The changes to the sponsor regime under the Listing Rules come into effect on 31 December 2012. The changes expand the list of circumstances in which a sponsor must be appointed and extend the FSA’s supervisory and enforcement powers.
There is likely to be an impact for issuers on:
- Costs – the changes are a sign that the FSA will rely more heavily on sponsors to enforce the Listing Rules, making the role of a sponsor more like that of a nominated adviser under the AIM Rules. The changes may lead to sponsors bearing increased regulatory costs, which may ultimately be passed on to issuers.
- Sponsor-client arrangements – some sponsors may wish to implement compliance measures and request issuers/applicants to agree to standard terms and conditions in relation to ad hoc day-to-day sponsor services provided to ongoing clients.

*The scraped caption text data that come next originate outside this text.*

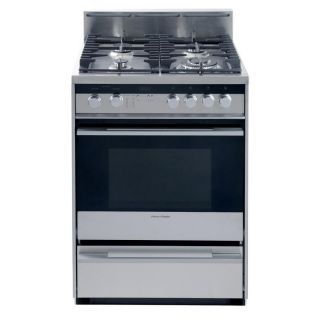 Fisher & Paykel 24 in Freestanding 2.5 cu ft Convection Gas Range (Stainless Steel)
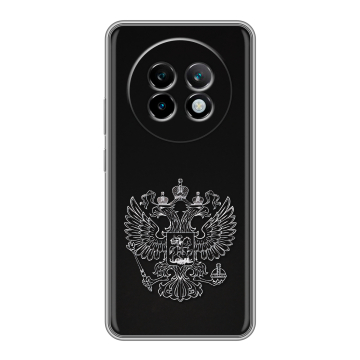 Силиконовый чехол на Realme 13 Plus 5G с принтом Герб России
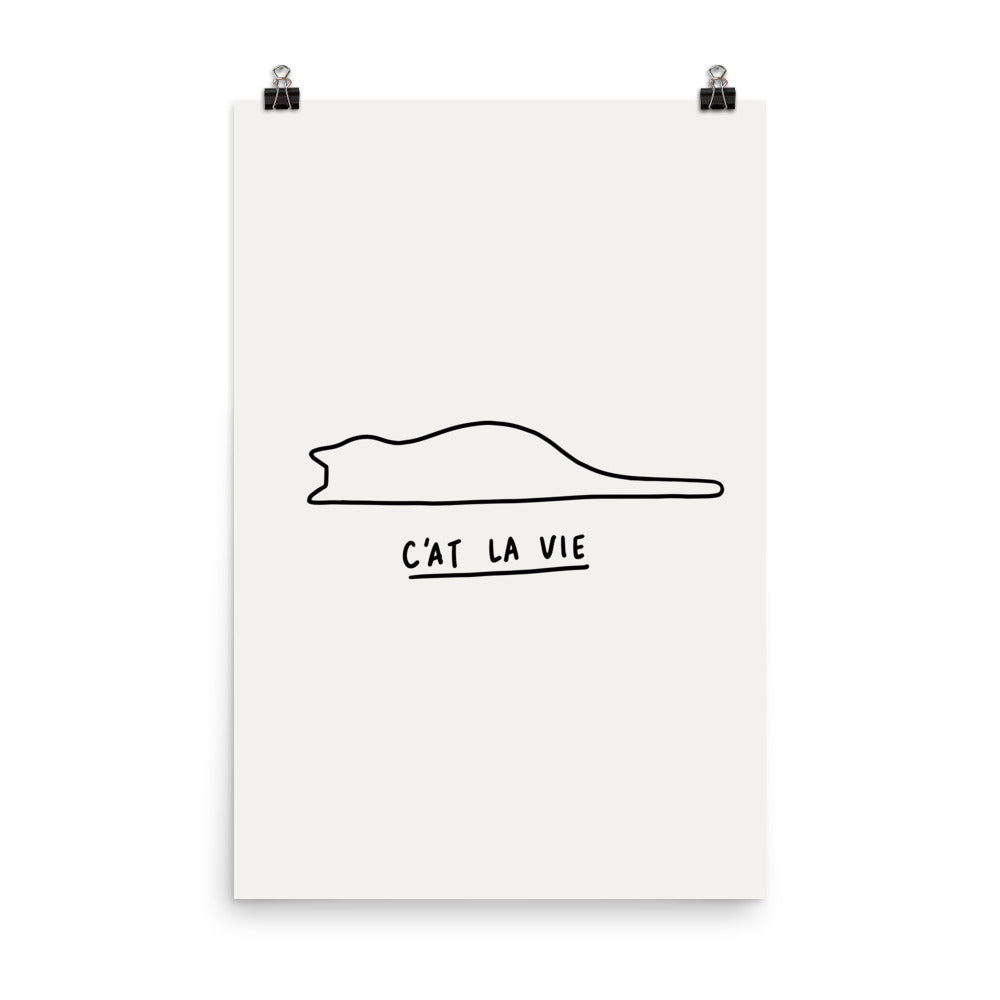 C'at La Vie - Art print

The changes will require premium listed issuers or applicants to appoint a sponsor in a number of circumstances where this is not mandatory at present (although some issuers choose to do so). For example, a sponsor will have to be appointed:
- in the case of any related party transaction (such as a transaction between the issuer or its subsidiary undertaking and a director or substantial shareholder, or associates of such persons) where a related party circular is required, as the board’s statement in the circular that the terms of the transaction are fair and reasonable will have to state that the board has been so advised by a sponsor;
- in relation to a smaller related party transaction, to confirm to the FSA that the terms of the proposed transaction are fair and reasonable;
- where the FSA requires the sponsor to make certain announcements in relation to a reverse takeover; and
- where the FSA requires confirmation that an issuer is in severe financial difficulty in circumstances where the issuer is making a class 1 disposal.

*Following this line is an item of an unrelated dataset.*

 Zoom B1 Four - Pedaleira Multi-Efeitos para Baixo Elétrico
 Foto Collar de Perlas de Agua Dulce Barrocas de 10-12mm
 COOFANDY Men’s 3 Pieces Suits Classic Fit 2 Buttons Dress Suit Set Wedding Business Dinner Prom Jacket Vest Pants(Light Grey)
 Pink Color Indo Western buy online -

Sponsors’ responsibilities to the FSA and standard of conduct
The rules already require sponsors to observe certain standards of conduct and to accept certain direct responsibilities to the FSA when the sponsor provides a “sponsor service”. The changes make the regime more stringent. Examples include:
- A sponsor will be under a duty to notify the FSA of any breach by the issuer or applicant of the Listing Rules, Prospectus Rules or Disclosure and Transparency Rules. Presently, a materiality threshold applies before such breaches are reportable.
- In connection with the sponsor’s duty to take all reasonable steps to identify conflicts of interest that could adversely affect its ability to carry out its obligations under the Listing Rules, the sponsor will need to take into account circumstances which could compromise the sponsor’s ability to fulfil its obligations to the FSA in relation to its provision of sponsor services.
- A sponsor will be under a duty to act with integrity and honesty in providing sponsor services.
- The FSA will be able to require sponsors to provide it with such explanation or confirmation as it reasonably requires to ensure that the Listing Rules are being complied with by an issuer.
- A sponsor will remain responsible to the FSA even where a sponsor relies on information provided by an issuer, applicant or third party when providing assurances or confirmations to the FSA. In assessing whether a sponsor has complied with its obligations under the Listing Rules, the FSA will have regard, among other things, to whether a sponsor has appropriately used its own knowledge, judgement and expertise to review and challenge the information provided to it by a third party.
The changes also extend the definition of sponsor services so that all sponsor communications with the FSA relating to the provision of sponsor services, whether oral or written, are themselves subject to the new standards.
An issuer receiving sponsor services will have a new continuing obligation to co-operate with the sponsor in providing all information reasonably requested by the sponsor for the purposes of providing the services.